A machine translation system that translates git commit patches to diff messages.
This is an evolution of an implementation presented at FOSDEM 19 for Neural commit message suggester: Proposing git commit messages with neural networks, originally based on Google Neural Machine Translation and achieving BLEU 37.6 on Jiang et al. 2017 dataset.
It has been ported to Sockeye 2, it's now based on the Transformer and is over BLEU 40.
Install Sockeye the framework through:
pip install sockeye -r requirements.gpu-cu100.txt
(more instruction about where to fetch GPU enabling requirements file on https://awslabs.github.io/sockeye/setup.html)

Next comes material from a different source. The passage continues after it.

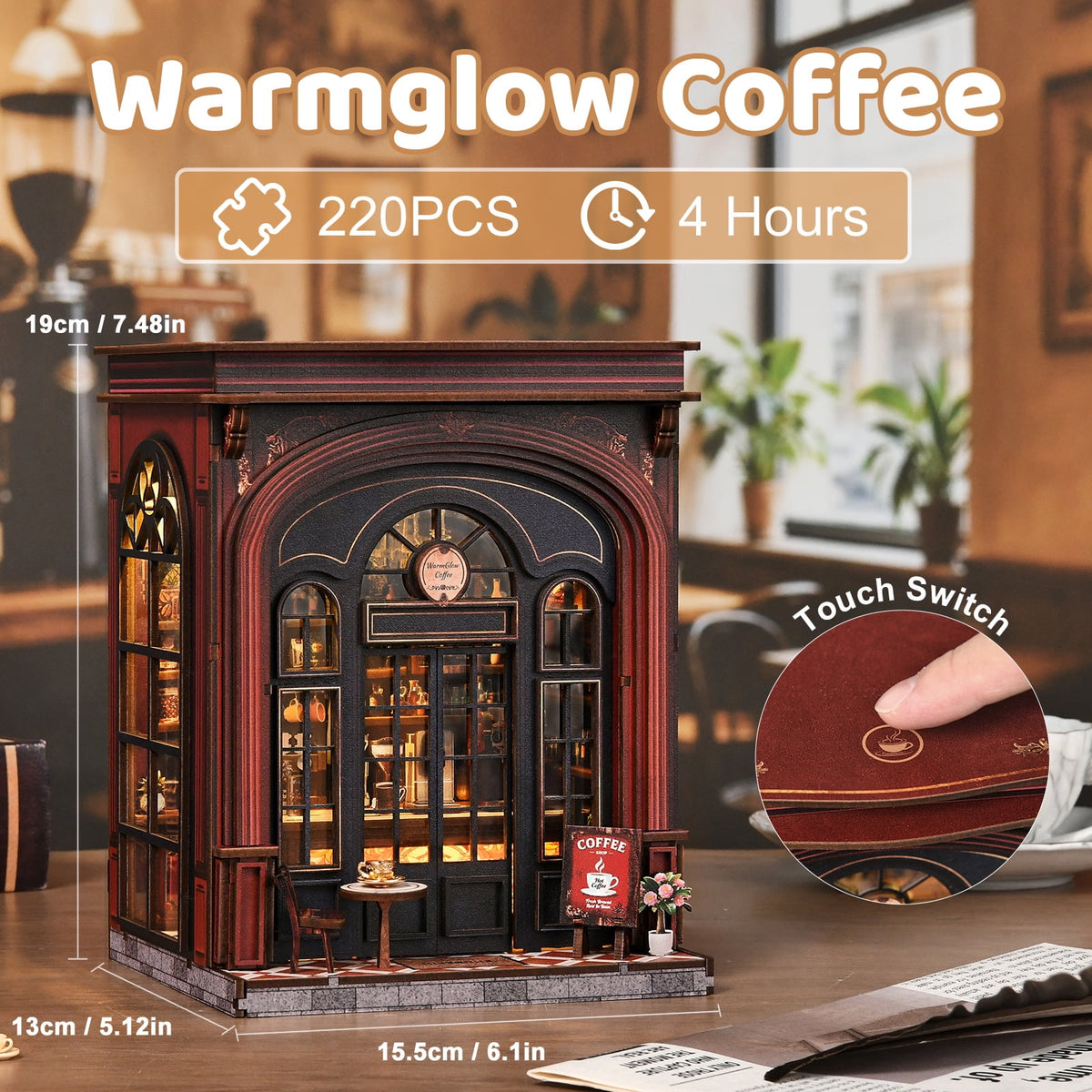 DIY Book Nook Kit with LED Light,Forest Tea Book Club Miniature House Bookshelf Insert Decor, 3D Wooden Puzzle Dollhouse Craft Kit for Adults Teens, Book Lover Gift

Data has already been tokenized.
Execute ./train-suggester-optimal.sh sockeye-commit-suggester train.26208 valid.3000
.
It will search for train.26208.msg
, train.26208.diff
, valid.3000.msg
and valid.3000.diff
.
If you have a GPU, comment out --use-cpu
flag.
It will take approximately 15GB of GPU RAM on a Tesla P100. Parallel multiple GPUs are supported. Training lasts approximately 1 hour on 3 GPUs.

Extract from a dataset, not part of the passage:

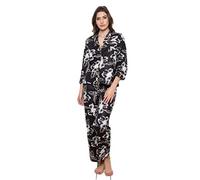 Cottonreal Ladies Pyjamas PJ Set Tropical Leaf on Mocca Brown 100% Cotton (CRP106/B) (Medium)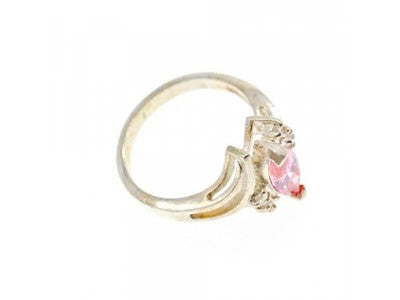 925 Sterling Silver Pink & White CZ Ring Size 7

You can predict a commit message by specifying your model directory with --model
parameter and by sending in diffs in a file passed as --input
parameter, one diff per line (keep reading for the exact specification).
Output commit messages go in a file specified by --output
parameter.
sockeye-translate --models sockeye-commit-suggester --use-cpu --input valid.3000.diff --output valid.raw.out
Diff format translates by replacing newlines with <nl>
and +++
/---
signs in front of file names with ppp
/mmm
. Everything must be whitespace tokenized.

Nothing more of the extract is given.